İlk kızı farketti Cengiz. İki gün
öncekinden de kısa bir etek giymişti. Ayaklarında da; ortama hiç uymayan,
alabildiğine yüksek topuklu ve dekolte ayakkabılar vardı. Bluz niyetine üstüne geçirdiği şey, küçücük
bir atlet fanilasına benziyordu. Ama omuzunda yine büyükçe bir çanta asılıydı
kızın. Ağıra benziyordu ve Cengiz onun içinde ne olduğunu tahmin edebiliyordu.
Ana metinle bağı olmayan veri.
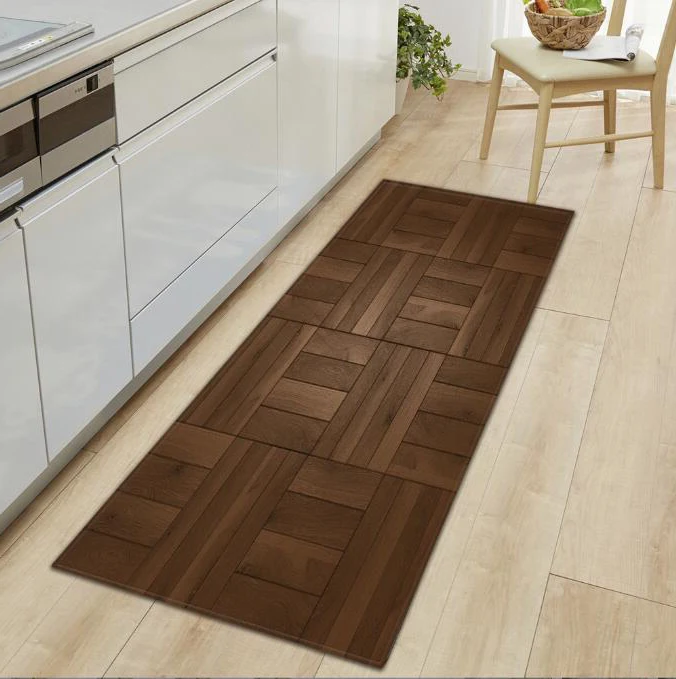 Küchenmatte, Schlafzimmer, Wohnzimmer, Teppich, Eingang, Fußmatte, Zuhause, Flur, Balkon, saugfähige Bodenmatte, Holzmuster, rutschfest, langer Teppich – Detail 2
Sonra da yanındakileri gördü. Bu sefer 2 kişi vardı onunla birlikte. Biri o
küçük Rienen köyündekiydi, öbürünü ise tanımıyordu. Doğruca yanlarına gelip
oturdular. O zaman kızın sutyenin de olmadığını farketti. Memelerinin neredeyse
yarısı meydandaydı. Teşhirci miydi acaba? Neyse ki bugün gözleri o kadar soğuk
bakmıyordu.
“Reşo,” diye söze girdiği Cengiz’in
tanımadığı adam, “Bak bu işe birlikte baş koyduk biliyorsun.”
“Lüzumsuz konuşmalar yapmayalım istersen,”
diye cevap verdi Reşad.
“Arkadaşlar bana durumu anlattılar biraz.
Aslında çok sağlam görünmüyor ama başka yolu da yok galiba. Bunu anlıyorum. Ama
sana şunu söylemek istiyorum. Bu işte hata yapanın işi biter. Hata yapan
ölümlerden ölüm beğensin yani.”
Bir an sustu ve sonra Cengiz’e döndü
yüzünü.
“Bu söylediklerim senin için de geçerli
gazeteci arkadaş!”
“Sen ne diyorsun lan?” diye lafa girdi
Reşad, “Biz sana her şeyi emanet ederken böyle şeyler söylemiş miydik? Dua et
ki burada herkesin ortasındayız. Yoksa işini hemen bitirirdim senin.”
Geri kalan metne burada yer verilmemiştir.